[PROVIDED DATA — start]

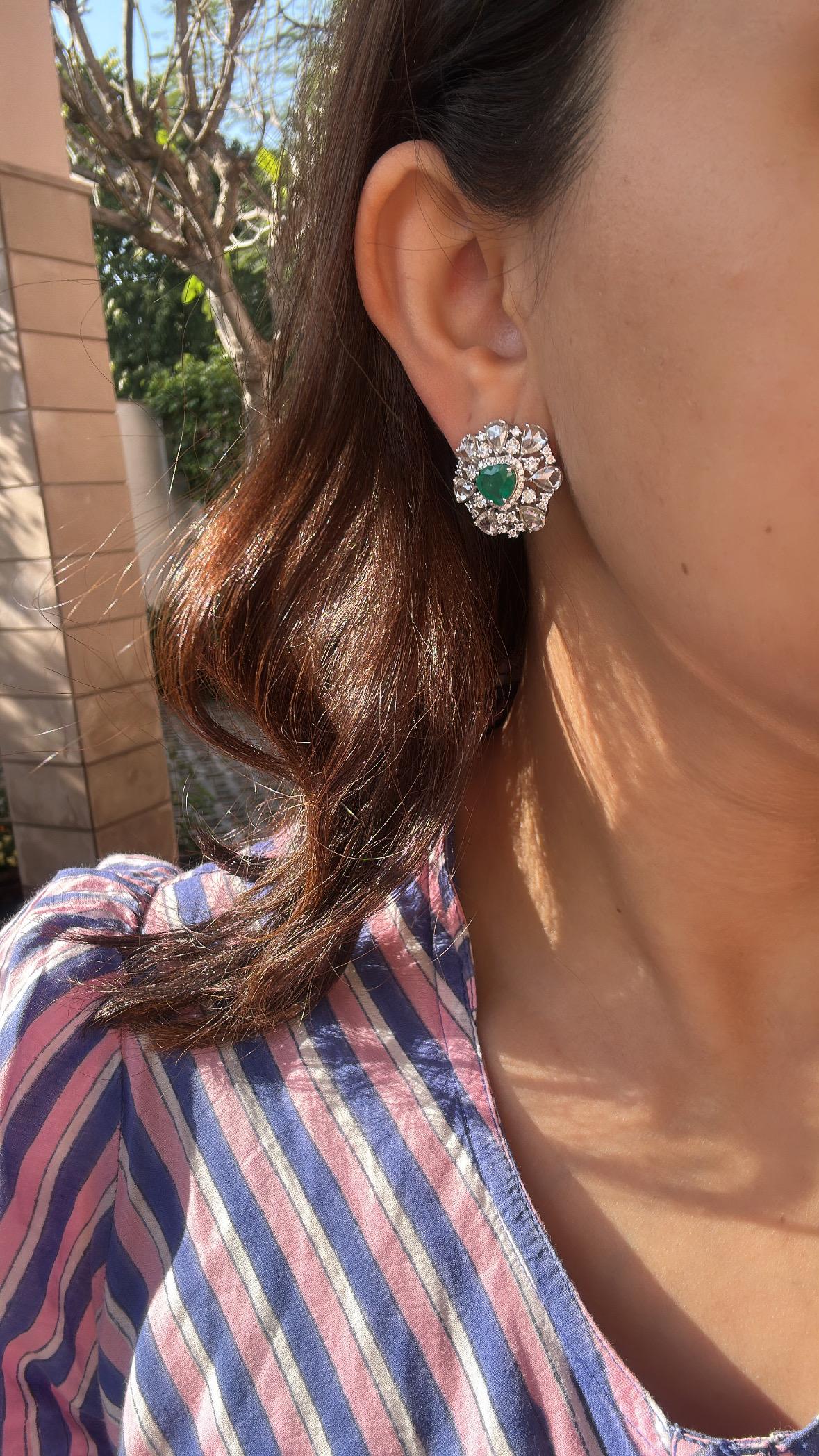 Women's or Men's Set in 18K Gold, 2.67 carats, heart Emeralds & Rose Cut Diamonds stud Earrings For Sale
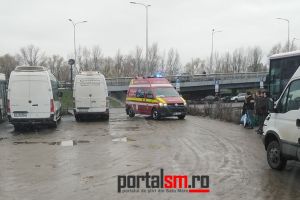 FOTO. Bărbat căzut în staţia de autobuz. Martorii au sunat la 112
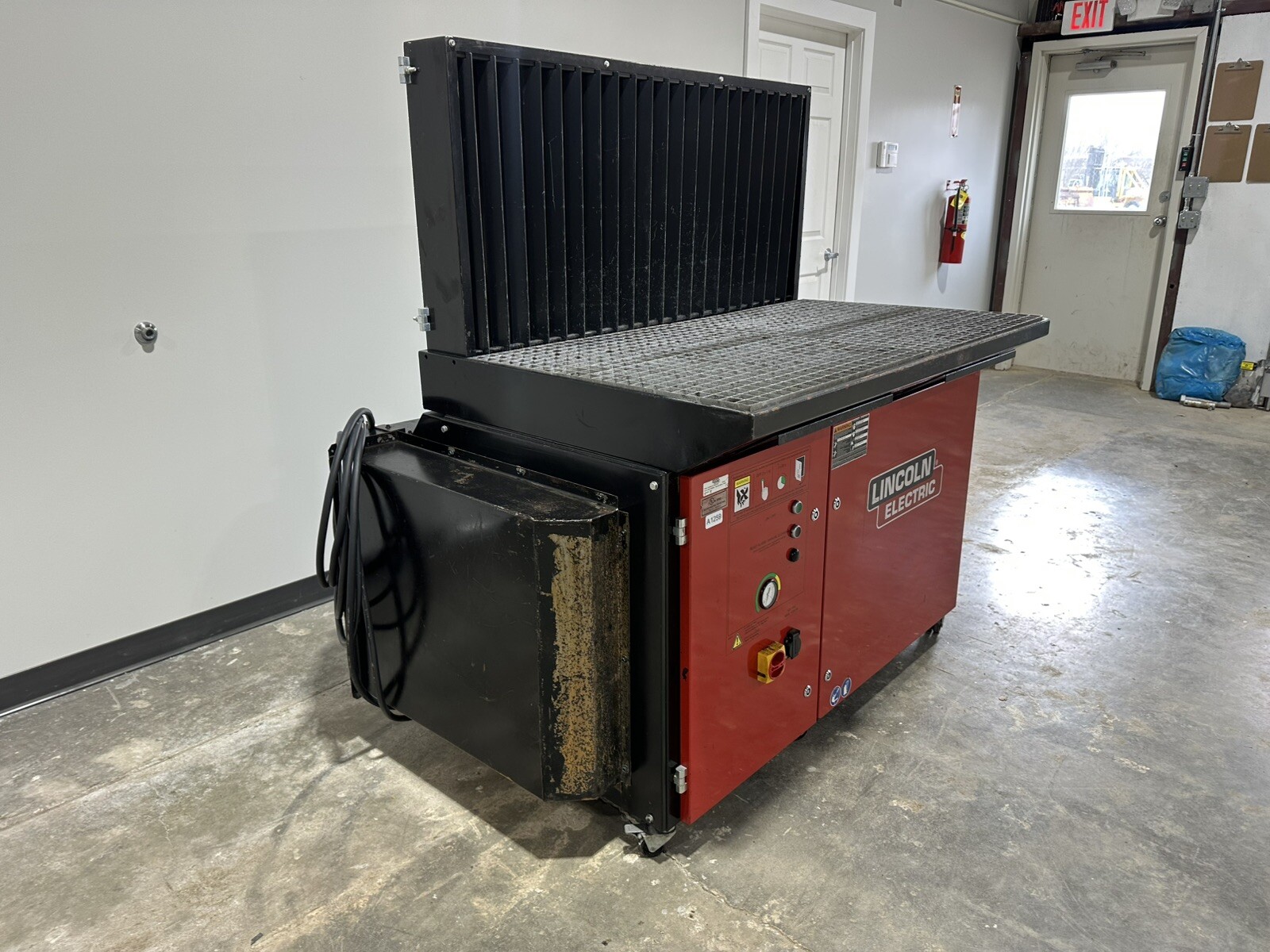 LINCOLN ELECTRIC 400-MS/A DOWNFLEX K2751-11 DOWNDRAFT WELDING TABLE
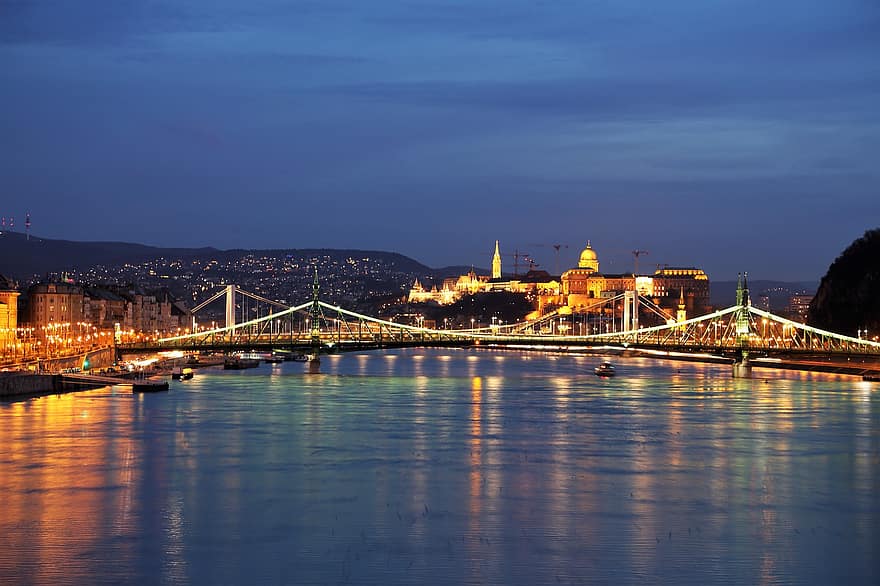 Budapeste, rio, ponte, castelo, luzes, à noite, Hungria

[PROVIDED DATA — finish]

DIRECTIONS —
Your response must reproduce the listing above word for word and must contain none of its pictures.

ANSWER TO THE EXERCISE —
 Women's or Men's Set in 18K Gold, 2.67 carats, heart Emeralds & Rose Cut Diamonds stud Earrings For Sale
 FOTO. Bărbat căzut în staţia de autobuz. Martorii au sunat la 112
 LINCOLN ELECTRIC 400-MS/A DOWNFLEX K2751-11 DOWNDRAFT WELDING TABLE
 Budapeste, rio, ponte, castelo, luzes, à noite, Hungria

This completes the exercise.